Later on, I was forced to find a different place to stay. I moved 6 times in a span of 16 months. I was chased out because a good family was willing to pay more for my apartment. And at times, I ran. There was this one apartment that I took up. It was neat and compact. It even had a few appliances, but half the things just didn’t work. There was a telephone as well. And I was told that I’d have to pay whatever the bill showed. The owner lived abroad and had a caretaker for the place. My parents were visiting and I took them on a weekend trip. I just decided to get extra protection and bought a nice Godrej Navtal for the main door. When we returned from the trip, I found the metal door open and the main door was unlocked… except for my Navtal! Someone had tried to enter the apartment. The caretaker was promptly at my door the next morning asking why I had added an extra lock.
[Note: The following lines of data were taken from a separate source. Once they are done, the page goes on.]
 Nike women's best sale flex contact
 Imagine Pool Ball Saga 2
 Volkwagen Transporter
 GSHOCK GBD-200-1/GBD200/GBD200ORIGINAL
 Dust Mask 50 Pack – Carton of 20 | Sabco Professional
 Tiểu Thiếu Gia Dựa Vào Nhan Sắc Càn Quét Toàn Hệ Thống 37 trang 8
I told him that that was none of his business. I also made use of the opportunity to show him what was not working. The next night, well after 11 p.m., Mr. Caretaker was at my door, completely drunk. And he claimed he wanted to know if the appliances had been fixed. He kept trying to force his way in and I shut the door in his face and locked it. The next morning, I vacated the place.

After a few months, I moved back to the city where my parents lived and just moved back in with them. My problems from that point were on were far from over and just took a different turn. (Don’t get me wrong, I had absolutely no adjustment problems as all my friends thought I would.) Everyone I came across would ask me why I was single at 24, why I was not saying yes to the many guys whose proposals for alliance my father received, why I was wasting my life.
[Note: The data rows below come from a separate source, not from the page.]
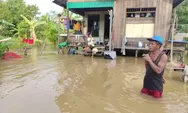 Tumbit Waspada Banjir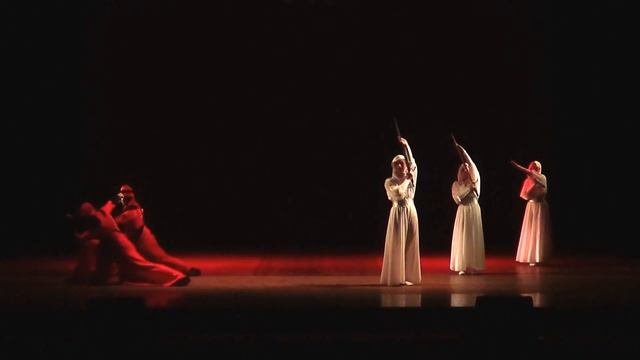22. САФ "Грифон" - Ангелы и демоны смотреть онлайн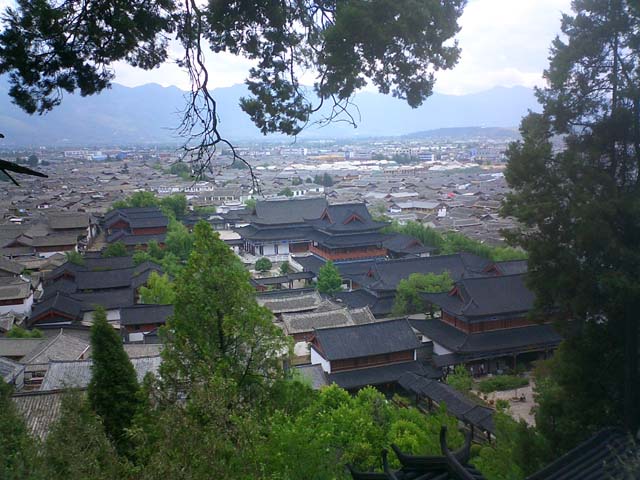 Rooftops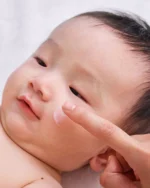 CeraVe Baby Moisturizing Lotion 237ml - Image 3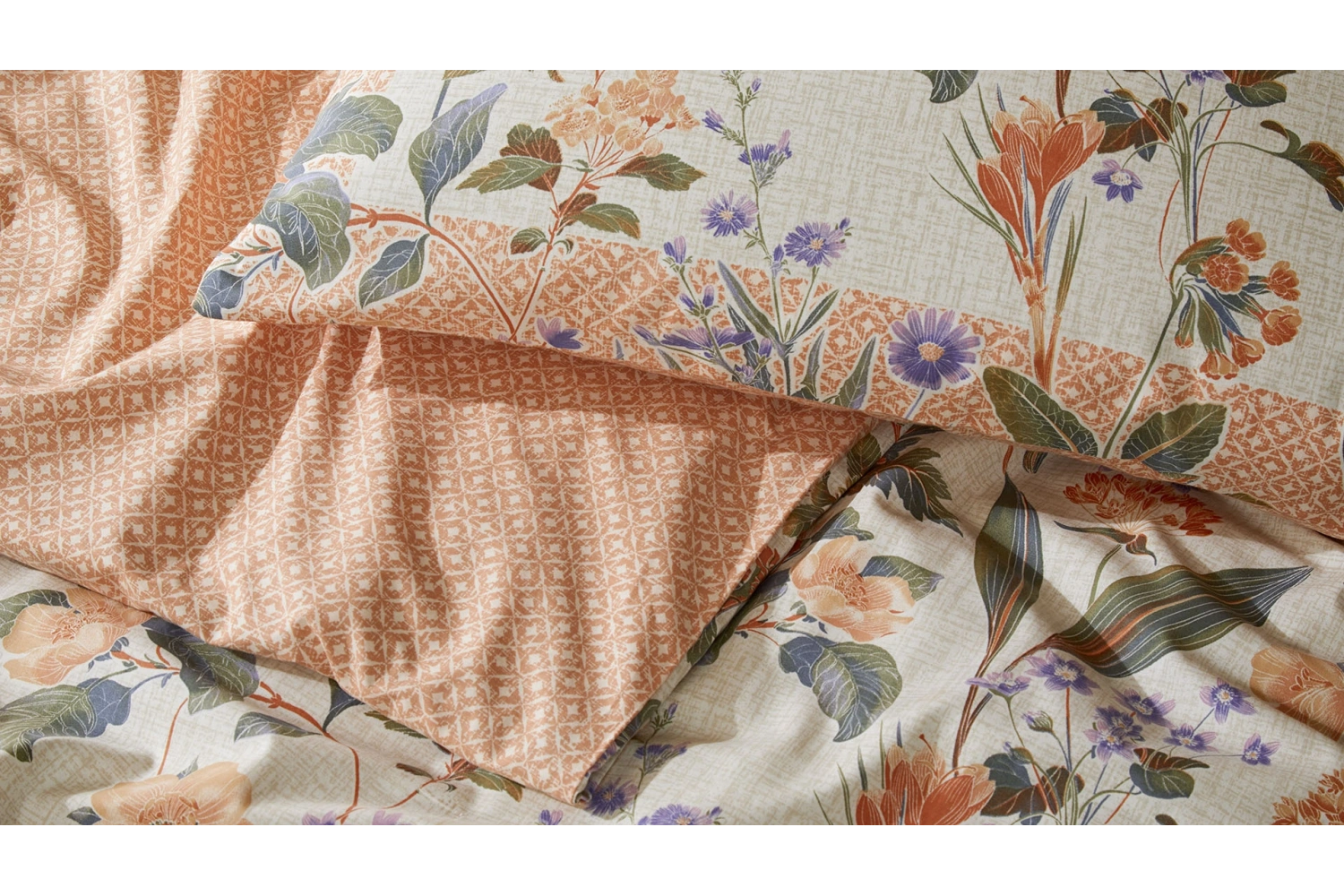 Solara Nevresim Takımı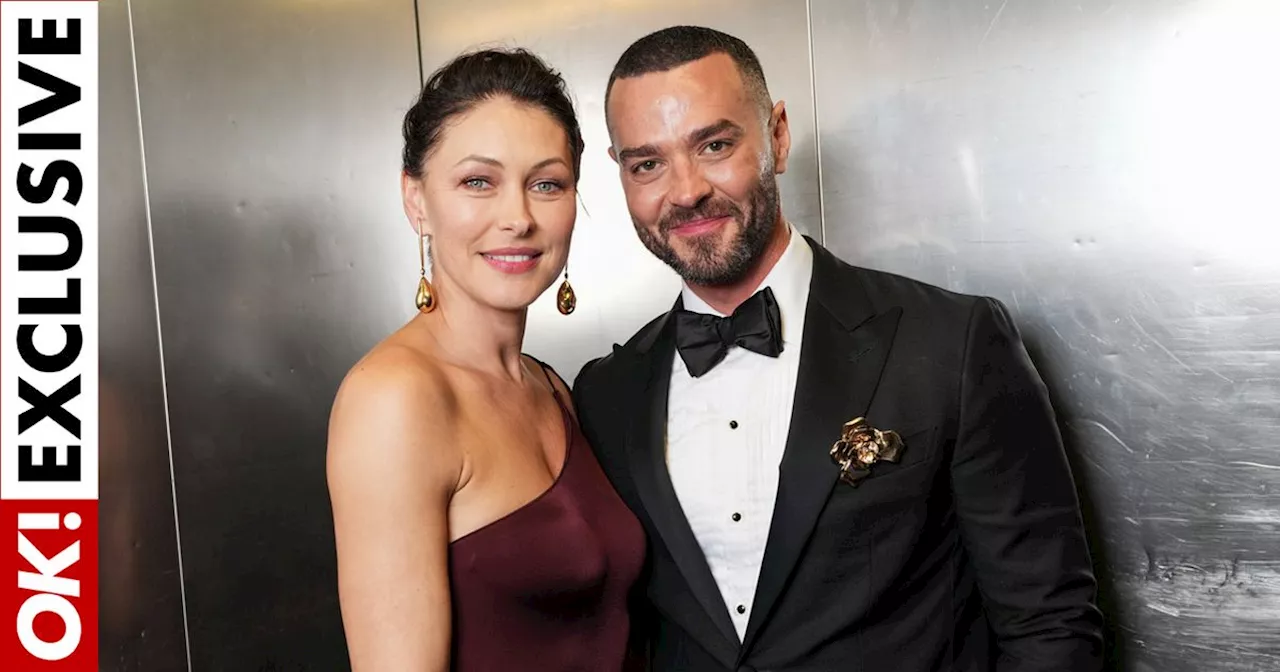 Matt and Emma Willis 'stronger than ever' after 'tough' and 'lonely' marriage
Indians are experts at asking personal questions. Where do you work? What does your father do? How much money do you make? How old are you? I have learnt that this is just part of who we are. At a friends wedding, there was this lady sitting next to me at lunch. She asked me, “Nee Vidyakku friend a? Kalyanam aayidutha? Aathula thedarala illaya?” (Are you Vidya’s friend? Are you married? Are your folks hunting for a groom or not?). When I replied, she almost choked on her food. “Ille mami. Aathula peche edukka maattengara. Neenga venumna thedi kudukkarela?” (No Aunty, my folks aren’t even broaching the subject. Why don’t you find me one? )

I also wanted to buy an apartment. A classmate suggested that I invest in property. I always wanted to have a place that I could call my own. So, I booked an apartment and went to a home loan fair. Everything was hunky-dory. My turn came and a gentleman called out my name. I went to his desk with all my documents. He looked up at me and said, “Where’s your husband?” I said, “I don’t have one.” He looked up at me and said, “Sorry, no loan for you.” I told him I’d take him to court for making such statements. I did finally get my loan sanctioned but not before I got lectured on how single women run away with a housing loan and the house. (How? How on earth?)

On the whole, I do know that my 9 years away from home, as an independent single woman have been eventful. I've made some wonderful friends... most of them being single women. I’ve intimidated a lot of single men… some married ones too. (I've even come across an army that thinks single means available.) I know I made a lot of women uncomfortable. Most people felt threatened by my existence. Why they felt that way, I will never know. It is probably because single is different. According to them, single is dangerous… single and successful is more dangerous, but the most dangerous of them all is the single, independent and successful.